Wednesday, February 04, 2009

Land conservation: Recession brings opportunity

"Every golf shot makes somebody happy."

Dave Cable, executive director of the Catawba Lands Conservancy, noted Wednesday that this recession that's whipsawing real estate development has a small bright side. The so-called highest and best use of a lot of land around here has gone from residential development to speculative land holding. And no one knows when the market is coming back. So some developers decide they need to sell the land, fast.

"We literally have a once-in-a-lifetime opportunity for land conservation," he said.

Cable's remarks came at a Wednesday breakfast for corporate, foundation and government partners. The nonprofit, nonadvocacy land preservation group has preserved more than 8,000 acres from development in the Charlotte region.

"I get calls all the time from developers now," he said after the meeting. Potential conservation sites are being eyed in Union, Gaston and Mecklenburg County, he said. Not all offers are, or should be, accepted, of course. But the group has some 1,600 acres in the pipeline for possible conservation in 2009.

13 comments:

Rev. Mike said...

And if Mr. Cable was aiming to spend his own or his organization's own money to do so, I would say more power to him. Unfortunately, what he wants is for the Mecklenburg County taxpayers to do it for him via park bonds. Perhaps he has not seen the memo, but, successful bond referenda notwithstanding, there isn't any money just laying around the house burning a hole in our pockets to pay for it, even if one were to support his agenda, which I don't.

Cato said...

"We literally have a once-in-a-lifetime opportunity for land conservation..."

Well, until some planner busybody uses the Kelo decision to acquire that "protected" land for his profession's next great attempt to improve all of our lives.

meckdeck said...

Funny, a few months ago the argument was that the rolling boom times meant we had a once in a lifetime opportunity for taxpayers to buy up land before it was all turned into subdivisions by developers.

Boom times = buy land.

Recession = buy land.

I see a pattern here.
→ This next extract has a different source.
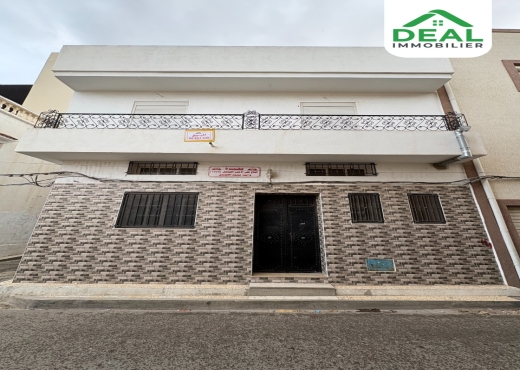 للبيع : مخبزة مجهّزة وشقة سكنية (S+2). - Bien immobilier à {"id":20,"country_id":219,"name":"SOUSSE","slug":"sousse"} - Image 4 - Agence Deal Immobilier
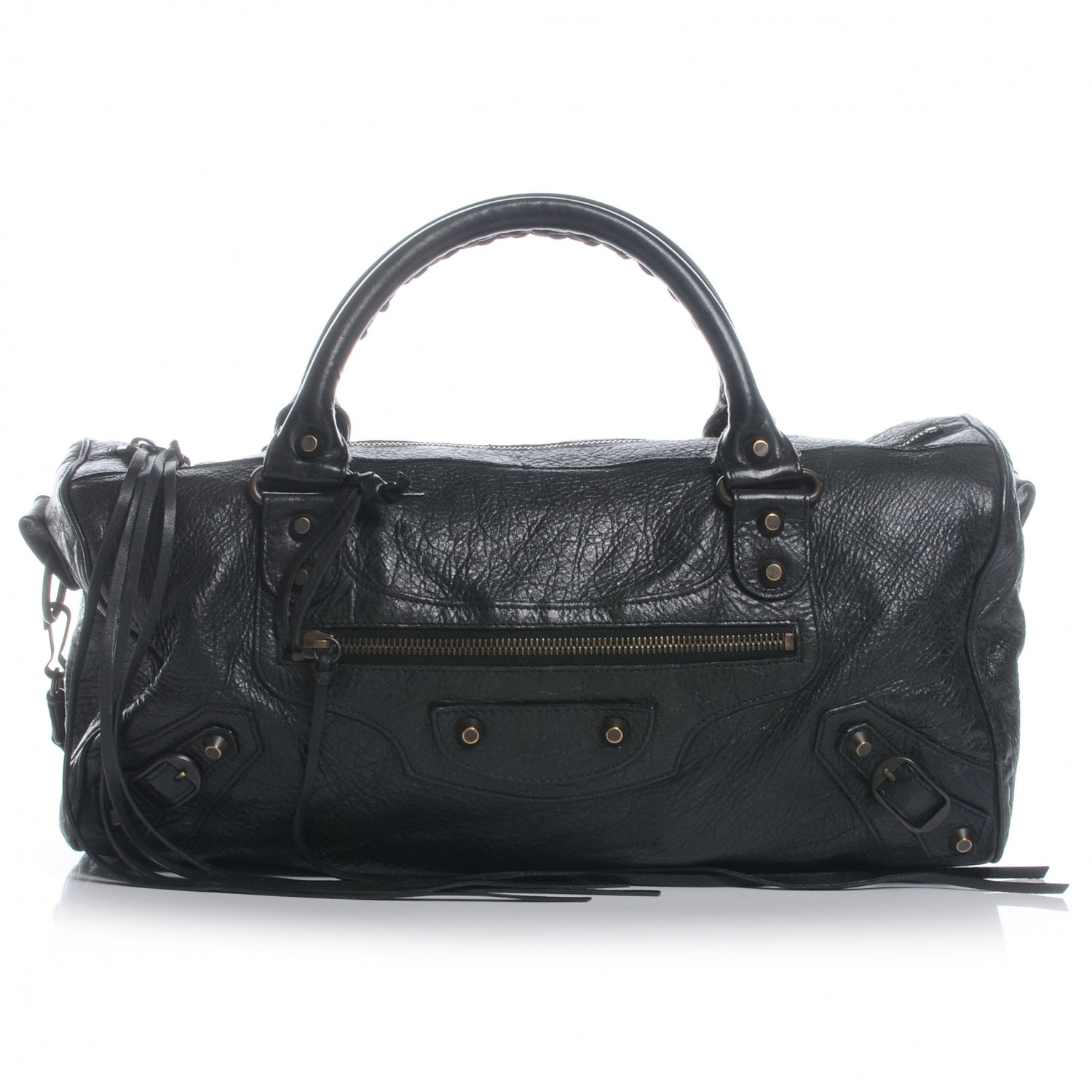 Balenciaga Agneau Twiggy Black 1 of 7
Jennifer Roberts' buddies are free to play the lotto for their money, sticking taxpayers with the bill is a non-starter.

JAT

tajblues said...

What does Kelo have to do with BUYING land? It is an eminent domain case, for a Pfizer development, not a conservation easement.

I agree with Cable, buy land. Otherwise, it is going to turn into more suburban crap. I value forests far more than suburban crap.

Anyone else, suburban crap or forests?

Rev. Mike said...

Personally, I pick my suburban crap; however, feel free to buy all the forest you wish. Just keep your fingers out of my wallet when you do it.

Anonymous said...

Rev. Mike,

Mecklenburg County is only one county in the Lower Catawba River Basin where this organization works to conserve land.

By the way, where does your drinking water come from?

Anonymous said...

Rev. Mike,

Of course you like the suburban crap, cause development keeps the money flowing to Duke Power, but you, of all people, should know how much time, energy, and money, Crescent has put into conservation efforst with the Conservancy.

Rev. Mike said...

Anonymous, my drinking water comes from Mountain Island reservoir just like most folks in the City of Charlotte. Thus, when I was on CCBAC, I supported the water conservation request from CLC and recommended that it be maintained under the auspices of Park & Rec because it was a public good. I also voted for that bond referendum, unlike a lot of folks who did not seem to be able to distinguish between a land request from P&R and one from CMS.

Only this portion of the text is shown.